Le espansive, calorose famiglie emiliane, protettive come il passato idealizzato cui appartengono, sono ricorrenti nel cinema di Pupi Avati come un refrain di malinconica e tenera nostalgia. Ne L'orto americano vediamo invece le ombre dei parenti morti del giovane protagonista (il sensibile Filippo Scotti, già alter ego di Sorrentino in È stata la mano di Dio), cristallizzate nelle fotografie in bianco e nero da cui non si separa mai e che interroga come Lari o immagini votive. I morti sono la sua vera famiglia: è un primo, cupo indizio della diversità di questo sognatore (con cui l'autore si identifica), che ha avuto problemi di instabilità mentale tali da dover essere rinchiuso in manicomio. Nella Bologna appena liberata dai nazifascisti, rimane folgorato dalla bellezza di un'ausiliaria americana che diventa la sua stilnovistica ossessione tanto da approfittare subito di un'occasione per trasferirsi temporaneamente negli Stati Uniti dove sperare di incontrarla e intanto scrivere il suo nuovo romanzo. Dal quel momento si susseguono alcune incongruenze narrative e coincidenze assurde e bislacche, come se ad Avati non importasse più di tanto la solidità logica del racconto e, d'altra parte, come se evitasse anche di sfruttare il precario equilibrio mentale del protagonista per farci dubitare di ciò che vediamo e udiamo, forse perché dà comunque per scontato che siamo dentro la sua soggettività, dentro i suoi fantasmi e non nel mondo reale.
Arrivato al suo decimo film gotico (tratto dal suo romanzo omonimo, pubblicato nel '23 da Solferino, che, come nel caso dei precedenti, contiene numerosi risvolti in più, oltre ad alcune differenze), l'autore delle Strelle nel fosso, con l'apporto alla sceneggiatura del figlio Tommaso, inanella le situazioni narrative come pretesti per inventare nuove e dense variazioni su un tema già significativo del Signor Diavolo: la sacralità della famiglia che si rivela un turpe inganno, dove i legami di sangue sono avvelenati dal tradimento.

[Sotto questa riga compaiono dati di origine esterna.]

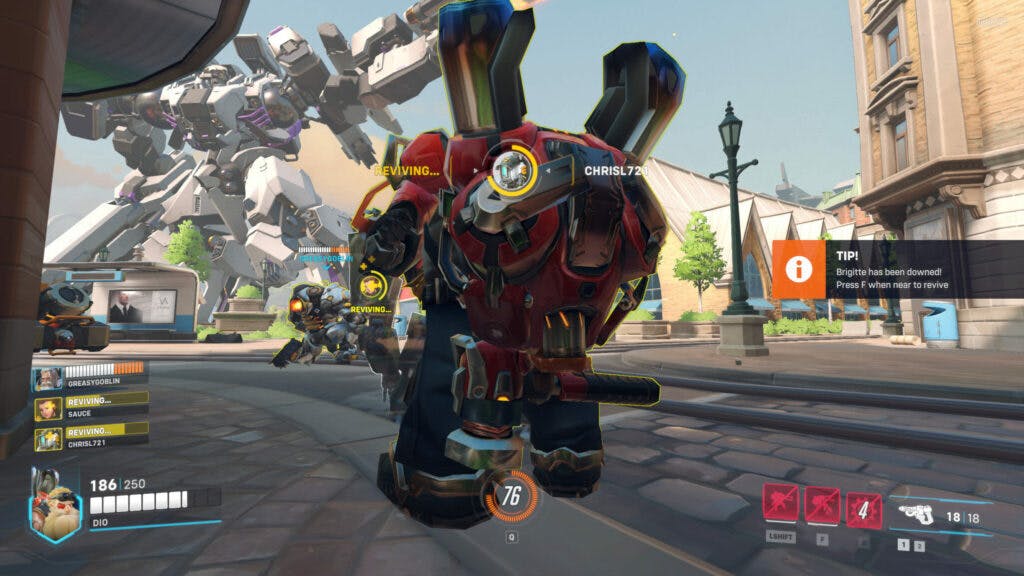 How to revive teammates in Overwatch 2 PvE (Image via Blizzard Entertainment)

Più che una narrazione abbiamo un succedersi di situazioni e magnifiche apparizioni: una vecchia madre decrepita (la grande Rita Tushingham, strepitosa maschera di laida senilità e rancore) odia una figlia accusandola di non avere effettuato le ricerche necessarie per trovare la sorella, scomparsa ad Argenta, vicino a Ferrara, che tutto induce a pensare sia l'ausiliaria amata dal protagonista; Glauco (l'impressionante Armando De Ceccon, con la sua violenza latente), processato per efferati femminicidi a Ferrara, attende sempre una parola o un gesto dal fratello Emilio (l'ambiguo, sfaccettato Roberto De Francesco), che pure gli sembra così devoto. Le due atroci storie familiari, separate dall'Oceano, sono legate appunto dalla scomparsa della ragazza americana: viene così a stringersi un'imprevedibile connessione tra la magione con l'orto incolto e selvaggio dell'Iowa, proprio accanto alla casa affittata dal protagonista, e il paesaggio del Polesine, dove Avati ci ricorda che qualcuno commerciava coi cadaveri dei soldati americani e inglesi.

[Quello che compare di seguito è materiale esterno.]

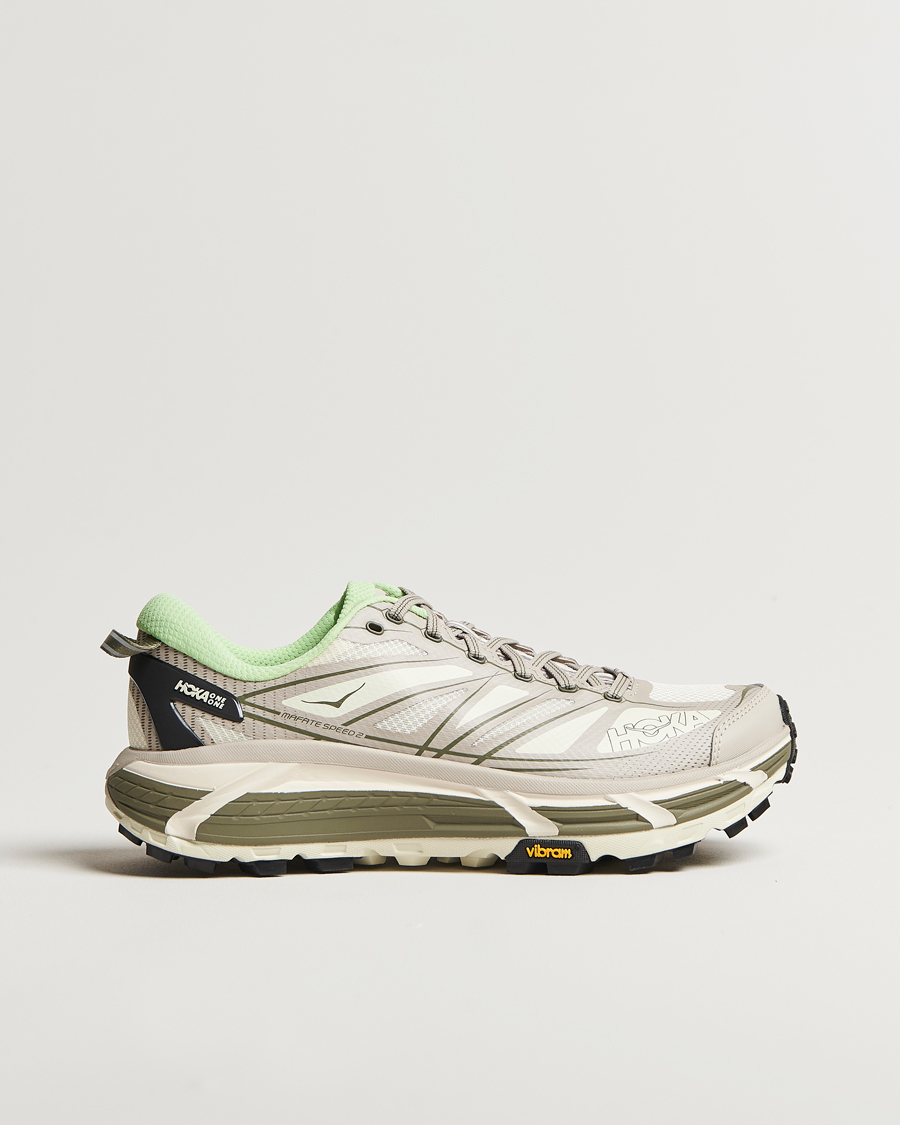 Herren | Hoka Mafate Speed 2 Putty/Eucalyptus | Hoka One One | Hoka Mafate Speed 2 Putty/Eucalyptus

Fotografato in un bellissimo, suggestivo bianco e nero da Cesare Bastelli, L'orto americano gioca con le reminiscenze del cinema noir degli anni '40 (Hitchcock e La scala a chiocciola di Siodmak) ma il suo fascino e la sua originalità risiedono soprattutto nelle allucinate e minacciose visioni dei paesaggi del Delta del Po (peccato però che, sul piano sonoro, il dialetto sia stato così trascurato a favore di un italiano convenzionale) e nel senso di inquietante contiguità con il Male, che assume la forma di una sessualità deviata e perversamente criminale, reificata nei macabri vasetti con l'etichetta di Venezia.
Durante il periodo della Liberazione a Bologna, un giovane tormentato con il sogno di diventare scrittore si innamora perdutamente di una infermiera dell’esercito americano che ha visto una sola volta. Un anno dopo si trasferisce nel cuore del Mid West negli Stati Uniti dove si trova a vivere accanto ad un’anziana madre afflitta dalla misteriosa scomparsa della figlia e le loro case sono separate da un inquietante orto abbandonato.